Выбрать главу

Я полагал, что его могут принять за шарж потому единственно, что он один зараз носит на себе все рубцы, которые нахлестал нигилизм, с одной стороны – (он и курит непомерно, и чертей призывает, и хвалит гражданский брак), он же – с другой стороны – и франт, весь в брелоках, цепочках, опрыскан духами и напоминает французского модного аббата бурбоновских времен.

Вы говорите, что он не шарж и не выдумка, а снят Вами с действительности, как фотография.
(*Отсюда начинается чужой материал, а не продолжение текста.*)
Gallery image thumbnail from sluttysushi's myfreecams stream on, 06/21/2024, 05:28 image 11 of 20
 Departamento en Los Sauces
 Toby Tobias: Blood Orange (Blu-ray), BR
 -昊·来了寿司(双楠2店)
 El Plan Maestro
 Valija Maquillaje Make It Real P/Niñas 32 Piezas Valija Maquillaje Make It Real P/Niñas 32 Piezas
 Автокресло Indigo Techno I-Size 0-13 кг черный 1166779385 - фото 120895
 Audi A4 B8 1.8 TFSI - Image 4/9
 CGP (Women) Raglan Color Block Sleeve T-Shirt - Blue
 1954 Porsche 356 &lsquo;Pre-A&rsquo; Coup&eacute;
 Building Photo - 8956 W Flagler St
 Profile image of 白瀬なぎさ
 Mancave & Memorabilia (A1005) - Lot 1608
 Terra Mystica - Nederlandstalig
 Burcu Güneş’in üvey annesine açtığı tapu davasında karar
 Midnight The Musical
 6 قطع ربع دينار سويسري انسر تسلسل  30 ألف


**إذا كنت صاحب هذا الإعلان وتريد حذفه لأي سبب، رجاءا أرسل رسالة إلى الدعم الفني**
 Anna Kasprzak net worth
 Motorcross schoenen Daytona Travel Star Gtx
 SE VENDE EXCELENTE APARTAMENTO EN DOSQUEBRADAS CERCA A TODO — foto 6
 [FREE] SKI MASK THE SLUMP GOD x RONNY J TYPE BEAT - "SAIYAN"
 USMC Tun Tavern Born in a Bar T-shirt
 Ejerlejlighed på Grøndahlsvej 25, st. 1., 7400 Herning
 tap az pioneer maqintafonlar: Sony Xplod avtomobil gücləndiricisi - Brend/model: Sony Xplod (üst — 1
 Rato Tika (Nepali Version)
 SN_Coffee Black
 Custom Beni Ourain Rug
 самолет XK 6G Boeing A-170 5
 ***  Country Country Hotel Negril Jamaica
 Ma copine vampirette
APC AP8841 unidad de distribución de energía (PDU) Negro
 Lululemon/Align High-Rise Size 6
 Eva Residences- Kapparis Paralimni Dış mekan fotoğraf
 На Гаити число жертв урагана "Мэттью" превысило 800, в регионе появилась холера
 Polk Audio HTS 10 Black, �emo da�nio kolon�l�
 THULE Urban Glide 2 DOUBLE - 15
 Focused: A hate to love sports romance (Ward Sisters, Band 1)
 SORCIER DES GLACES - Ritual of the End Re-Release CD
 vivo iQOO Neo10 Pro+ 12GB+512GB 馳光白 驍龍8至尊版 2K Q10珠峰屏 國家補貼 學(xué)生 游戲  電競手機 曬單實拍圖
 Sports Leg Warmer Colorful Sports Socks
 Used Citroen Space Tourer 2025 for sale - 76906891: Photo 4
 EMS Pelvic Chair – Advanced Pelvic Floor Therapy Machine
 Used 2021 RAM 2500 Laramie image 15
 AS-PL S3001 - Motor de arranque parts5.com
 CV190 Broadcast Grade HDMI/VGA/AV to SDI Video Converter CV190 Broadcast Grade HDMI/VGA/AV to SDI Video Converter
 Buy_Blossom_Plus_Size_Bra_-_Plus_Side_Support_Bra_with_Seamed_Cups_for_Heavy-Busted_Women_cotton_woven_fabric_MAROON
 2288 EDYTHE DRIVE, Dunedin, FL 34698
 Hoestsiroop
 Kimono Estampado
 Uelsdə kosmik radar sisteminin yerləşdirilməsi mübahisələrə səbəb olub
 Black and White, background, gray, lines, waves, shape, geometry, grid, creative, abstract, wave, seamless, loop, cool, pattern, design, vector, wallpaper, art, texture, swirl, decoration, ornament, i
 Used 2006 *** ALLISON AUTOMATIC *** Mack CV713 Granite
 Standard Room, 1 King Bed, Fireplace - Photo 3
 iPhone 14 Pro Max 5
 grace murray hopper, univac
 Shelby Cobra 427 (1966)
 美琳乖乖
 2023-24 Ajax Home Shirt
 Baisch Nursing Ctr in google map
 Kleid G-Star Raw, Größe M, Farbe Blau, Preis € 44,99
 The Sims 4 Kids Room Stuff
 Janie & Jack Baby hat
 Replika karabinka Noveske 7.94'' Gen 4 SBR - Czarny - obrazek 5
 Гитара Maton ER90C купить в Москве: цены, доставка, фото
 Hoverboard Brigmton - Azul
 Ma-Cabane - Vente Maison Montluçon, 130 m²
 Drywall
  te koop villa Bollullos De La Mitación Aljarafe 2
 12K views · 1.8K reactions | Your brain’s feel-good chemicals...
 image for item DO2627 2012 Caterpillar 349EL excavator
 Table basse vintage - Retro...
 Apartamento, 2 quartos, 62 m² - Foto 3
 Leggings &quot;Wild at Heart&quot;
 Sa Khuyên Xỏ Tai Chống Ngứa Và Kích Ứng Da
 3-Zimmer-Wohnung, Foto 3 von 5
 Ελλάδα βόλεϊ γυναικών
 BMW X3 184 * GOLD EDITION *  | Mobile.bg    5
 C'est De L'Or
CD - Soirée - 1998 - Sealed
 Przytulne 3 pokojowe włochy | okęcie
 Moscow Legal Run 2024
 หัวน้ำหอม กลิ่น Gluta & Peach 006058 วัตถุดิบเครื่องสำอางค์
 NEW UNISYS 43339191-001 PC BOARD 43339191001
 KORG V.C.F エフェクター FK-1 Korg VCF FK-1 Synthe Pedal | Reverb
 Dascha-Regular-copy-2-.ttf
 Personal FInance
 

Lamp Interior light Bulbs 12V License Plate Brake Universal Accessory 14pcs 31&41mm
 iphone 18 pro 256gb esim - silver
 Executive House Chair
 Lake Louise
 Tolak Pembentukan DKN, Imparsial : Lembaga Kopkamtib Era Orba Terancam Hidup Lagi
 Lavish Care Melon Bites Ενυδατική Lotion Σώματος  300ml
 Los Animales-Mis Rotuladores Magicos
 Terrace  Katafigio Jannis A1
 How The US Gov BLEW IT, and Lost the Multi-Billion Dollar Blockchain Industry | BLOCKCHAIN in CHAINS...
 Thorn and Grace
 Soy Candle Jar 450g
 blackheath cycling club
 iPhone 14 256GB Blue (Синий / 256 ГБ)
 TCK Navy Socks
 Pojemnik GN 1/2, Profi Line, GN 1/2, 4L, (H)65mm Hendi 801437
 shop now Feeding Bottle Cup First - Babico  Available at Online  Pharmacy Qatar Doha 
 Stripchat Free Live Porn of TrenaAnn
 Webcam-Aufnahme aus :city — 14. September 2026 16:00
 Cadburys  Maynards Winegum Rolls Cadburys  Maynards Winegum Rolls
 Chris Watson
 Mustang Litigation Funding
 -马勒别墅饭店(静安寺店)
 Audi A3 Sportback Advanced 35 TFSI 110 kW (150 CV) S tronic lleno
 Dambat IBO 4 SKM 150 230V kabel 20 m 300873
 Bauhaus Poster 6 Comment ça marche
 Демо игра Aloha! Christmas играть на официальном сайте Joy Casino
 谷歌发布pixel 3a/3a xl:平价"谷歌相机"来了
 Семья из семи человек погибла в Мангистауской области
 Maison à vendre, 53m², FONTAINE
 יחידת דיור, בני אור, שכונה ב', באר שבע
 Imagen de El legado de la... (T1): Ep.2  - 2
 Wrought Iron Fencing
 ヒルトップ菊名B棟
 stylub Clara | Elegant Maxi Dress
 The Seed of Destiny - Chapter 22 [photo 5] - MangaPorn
Может быть, в этом именно и заключается причина, что из него не вышло (на мои, впрочем, глаза) типа. Вы знаете, как большею частию в действительности мало бывает художественной правды и как (это Вам лучше других известно) значение творчества именно тем и выражается, что ему приходится выделять из натуры те или другие черты и признаки, чтобы создавать правдоподобие, то есть добиваться своей художественной истины.

Вы говорите, что тип этот, может быть, и существовал, да мы его не замечали. А если мы, скажу на это, то есть все, не замечали, то он и не тип. Тип, я разумею, с той поры и становится типом, когда он повторился много раз или много раз был замечен, пригляделся и стал всем знаком. В этом смысле можно про него сказать то же самое, что́ про звук. Звук тогда только становится звуком, когда звучит кому-нибудь, то есть когда есть ухо, которое его слышит, а дотоле оно есть только сотрясение или колебание воздуха.

Оставлю эту метафизику и физику и скажу, что я собственно разумел его, то есть попа, типом от нигилизма, следовательно и недавним, не успевшим наслоиться, так как нигилизм явление тоже весьма нестарое, начинающееся уже и разлагаться.

Под типами я разумею нечто очень коренное – долго и надолго устанавливающееся и образующее иногда ряд поколений. Например, Островский изобразил все типы купцов-самодуров и вообще самодурских старых людей, чиновников, иногда бар, барынь – и также типы молодых кутил. Но и эти молодые типы уже не молоды, они давно наплодились в русской жизни – и Островский взял их, а других, новейших, которые уже народились, не пишет потому именно, мне кажется, что они еще не типы, а молодые месяцы – из которых неизвестно, что будет, во что они преобразятся и в каких чертах застынут на более или менее продолжительное время, чтобы художник мог относиться к ним, как к определенным и ясным, следовательно и доступным творчеству образам.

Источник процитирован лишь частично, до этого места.